To use parental controls, your computer needs at least two accounts. You, the parent, should have a password-protected administrator account, while each of your children should have a standard user account. You can add, remove, or change user accounts in the User Accounts section of Control Panel.
Don’t know a lot about user accounts? No problem—you can read about it in Help.
After you set up your accounts, Parental Controls can automatically enforce rules blocking certain websites, limiting time spent on the computer, determining which games your kids can play, and preventing certain programs from running.
So that’s what you can do with Parental Controls. Jean, how about if I demonstrate how, as a parent, I would set up Parental Controls, and then when I’m done, you can show what the kid's experience is like with Parental Controls turned on?
Okay, great. Let's get started. To begin with, open the Control Panel and then type parent in the search box.
After you click Parental Controls, you will get a list of all the user accounts on the computer. Go ahead and click one.
The first thing to do here is to turn on Parental Controls. I’d also suggest leaving Activity Reporting turned on. That way, you can occasionally check in to see what your kids have been doing on the computer when they are supposed to be doing their homework.
The Parental Controls default settings are pretty good, but you can fine-tune them by clicking each setting. In the Web filter section, for example, you can let Windows automatically block questionable websites. Or, if you prefer, you can create a specific list of sites that you approve and disapprove of.
My favorite setting is Time Limits, where I can make sure that my kids are off the computer every day by, say, 10 pm. Except Saturdays, maybe, when they can stay up a little later.

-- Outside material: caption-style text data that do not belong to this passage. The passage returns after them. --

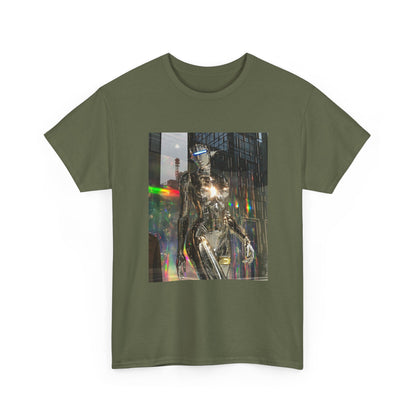 Neon Ember Flow Graphic Tee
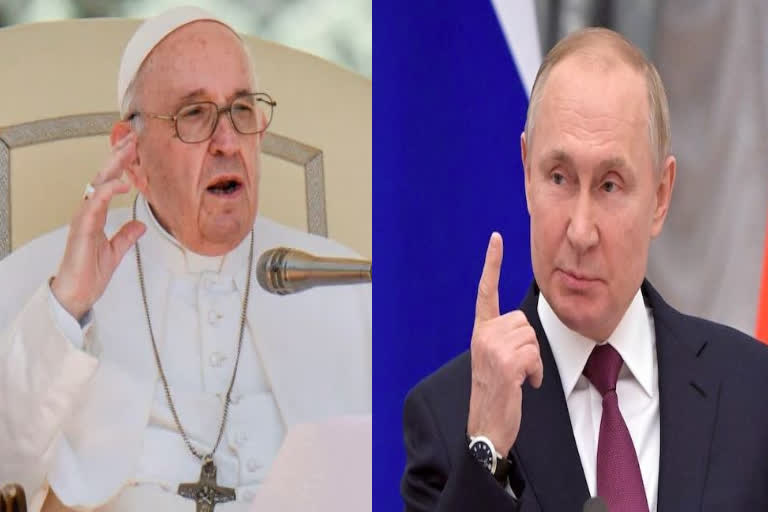 Pope Francis appeals to Russian President Vladimir Putin to End Spiral of Violence in Ukraine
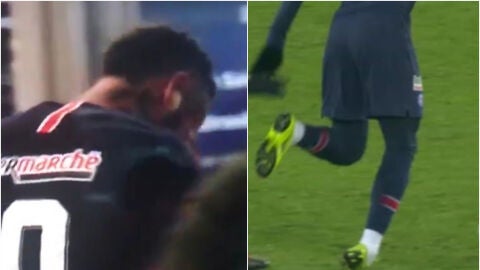 Neymar se march&oacute; lesionado entre l&aacute;grimas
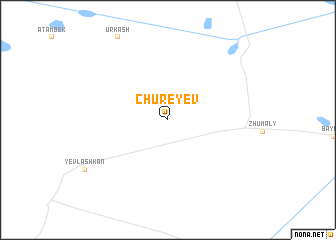 map of Chureyev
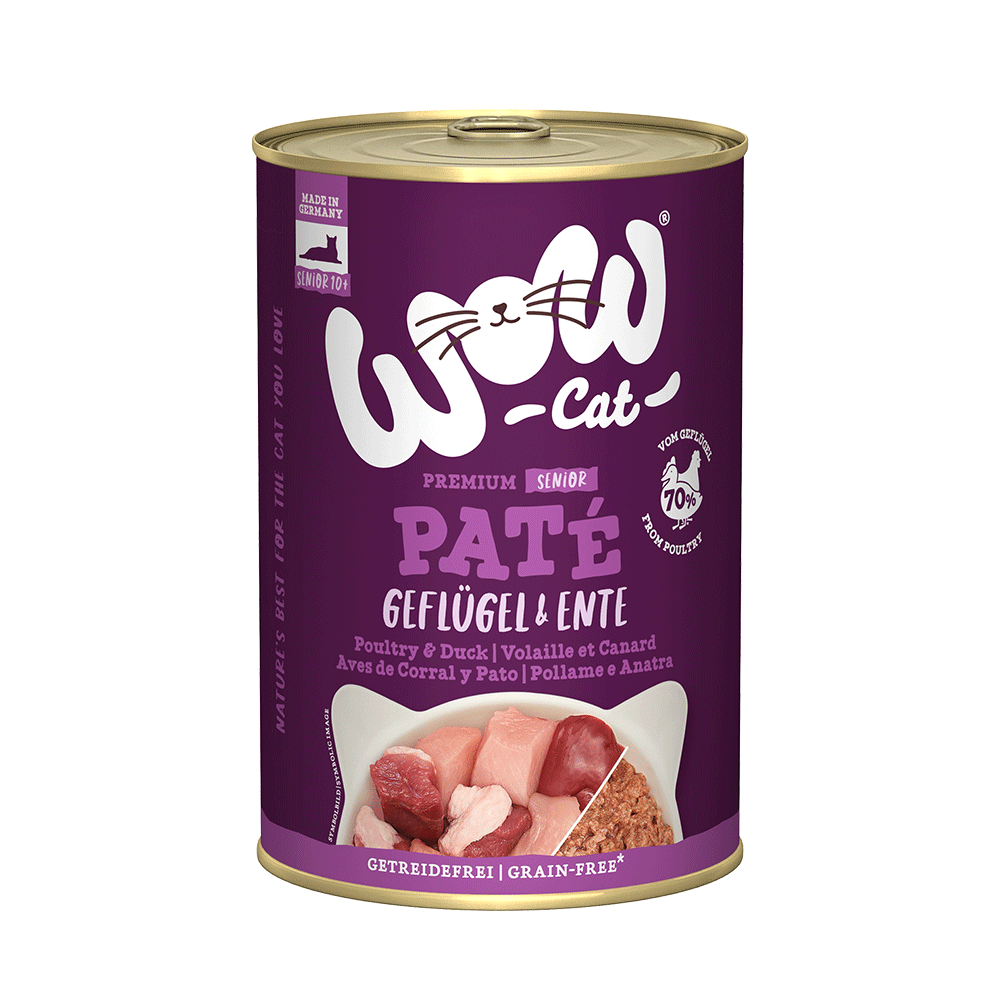 Bild: WOW Cat Premium Junior Paté Geflügel und Ente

When you’re done, click OK to save your changes.
Don’t forget that you can view the activity reports anytime. This is what an activity report looks like on a computer that’s been in use for a while.
Now let’s see what Parental Controls looks like from the kid’s perspective. You’ll have to pretend I’m a little younger than I look.
In general, nothing is different—I log onto my account and this computer works the same as always. But let’s say I need to do some homework, so I go to the computer for some research.
I’ll try to reach Encarta.com. In real life, this site is fine, and Parental Controls wouldn't block access to it. Just to show you what would happen though, we used Parental Controls to block Encarta, as an example for this video. As you can see, if I type in the address of a website that might have some questionable content, it’s automatically blocked by Parental Controls. That’s great—Parental Controls did its job, and kept me from reaching this website. If I really want to get there, I'll need permission from someone, like a parent, who has an administrator account on this computer.
Dave, will you give me permission to access this website?
Now keep in mind if I was doing this for my own kids, I'd want to check out the site on my own to make sure I really wanted to allow it. In this case, I'll allow access. I like this because it means parents like me make the final decision.
Oh, and remember the time limits that Dave imposed when he set up Parental Controls? It looks like they're almost up. This notification warns me that in a few minutes, I won't be able to use my computer. I won’t lose my work, but I won’t have access to the computer until the next time I’m scheduled.
One of the most challenging issues facing parents is monitoring their kids’ computer use and imposing smart and reasonable limitations. Parental Controls makes that easier.